For something like organ transplantation, there have been groups that develop guidelines. With something like advanced care plans, states or large health institutions will form guidelines on how these things should be documented. But it’s far from a unified approach.

There are actually some dangers to systematizing. For example, advance care plans and living wills are generally thought of as good things. But the potential danger is that often patients and families are misinformed or uninformed. If advance care plans are done outside of the context of medical care, they may try to make too much of a distinction between, “we want to be allowed to die” or “we want aggressive life-sustaining treatment.” In reality, many patients would more simply say, “I don’t want things that aren’t going to be helpful.” What is helpful is dynamic and situational and therefore difficult to systematize or put in an algorithm or guideline.

What are some of the innovations you would like to see from a palliative care or ethics standpoint?

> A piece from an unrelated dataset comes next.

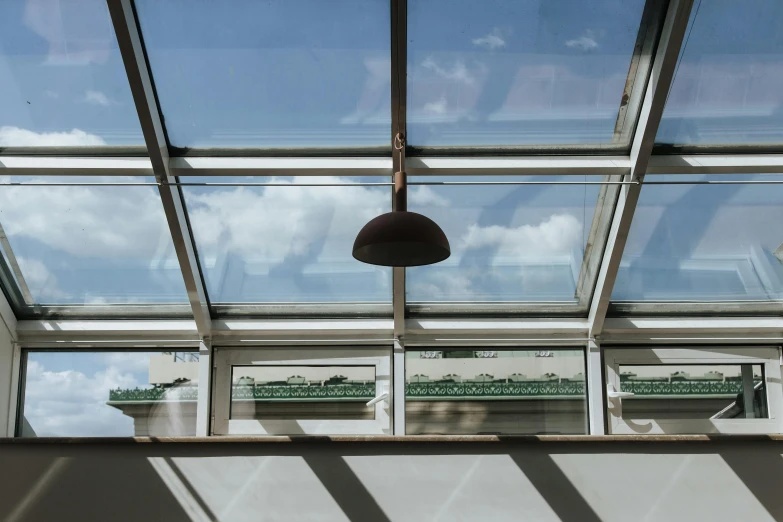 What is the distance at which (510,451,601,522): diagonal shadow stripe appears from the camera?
355cm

With the original HIPAA, portability was the main goal. Since we don’t have a unified EMR in the U.S., portability is still a challenge. It’s increasing in some places, but I think we focus more on security and privacy than portability now. It’s important because it helps someone get the information they need quickly.

One of the innovations I would love to see is having an advanced care document that’s visible in the EMR. Right now, it may be buried somewhere in the EMR, but it’s not on the front page where it should be. If someone has terminal cancer and doesn’t want aggressive intervention or advanced life-support technology, that should be clear to not just emergency room but paramedics and other clinicians.

Editor’s note: This interview was edited for brevity.